I'm fairly new to this forum, and I've spent most of my time on here reading the various different ideas regarding the origins, size of etc...the Universe.

I've been quite surprised to find that none of the threads that I've read have tried to bring together the two major strands of human beingness...the inside and the outside...consciousness and the Universe.

So here's my effort to rectify that lack.

Consciousness is an intrinsic part of the Universe. One could not exist without the other. There are no gods. People only worship that which they unknowingly know that they can be. You/We are the Universe. There is a direct line going backwards from each and everyone of us to the beginning of this Universe, and it goes forwards from here.

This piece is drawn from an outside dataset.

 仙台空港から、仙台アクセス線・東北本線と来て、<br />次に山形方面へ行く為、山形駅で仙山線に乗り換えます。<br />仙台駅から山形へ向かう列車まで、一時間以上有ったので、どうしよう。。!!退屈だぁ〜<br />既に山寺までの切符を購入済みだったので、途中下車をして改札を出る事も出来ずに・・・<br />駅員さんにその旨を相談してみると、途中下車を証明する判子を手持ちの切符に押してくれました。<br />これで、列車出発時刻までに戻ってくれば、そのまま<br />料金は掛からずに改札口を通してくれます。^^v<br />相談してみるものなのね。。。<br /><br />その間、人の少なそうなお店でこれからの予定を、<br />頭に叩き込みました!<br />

I am, because You are, which means that We will be.


----------



## j d worthington (May 11, 2007)

Chupacobra said:


> Consciousness is an intrinsic part of the Universe. One could not exist without the other. There are no gods. People only worship that which they unknowingly know that they can be. You/We are the Universe. There is a direct line going backwards from each and everyone of us to the beginning of this Universe, and it goes forwards from here.
> 
> I am, because You are, which means that We will be.


 
There's a major flaw in your construction here: while it is true that consciousness (at least what we call consciousness) cannot exist without the universe (it needs a physical plane in order to produce the electrobiochemical processes that we call thought), the universe can exist just fine without consciousness -- specifically us. We came into the universe 14+ billion years after it began to take form -- even the oldest living organisms, single-celled, are extremely recent phenoemena compared to the existence of the universe. We are an incredibly tiny and unimportant (save to ourselves) element within a whole so vast that we aren't really sure how vast it is... at least several million (or billion) light years, at any rate. And the chances are very much in favor of our being long-extinct before the universe experiences its final stages of "heat-death". So we are scarcely even a microscopic blip on the screen.

As for gods -- no, they don't exist. They are a construct we invented to fill in the gaps in our knowledge of how the laws of physical reality worked at a time when our experience (and instrumentation to aid in our observation) of the universe were extremely limited. The more we learn of the reality of it all, the less need there is for gods. As for this identification of us (our consciousness) with the universe, and any final destination... that's called a teleological fallacy -- the idea that there is a purposeful development or design toward which the universe evolves... something for which there is no evidence in favor of, and plenty against.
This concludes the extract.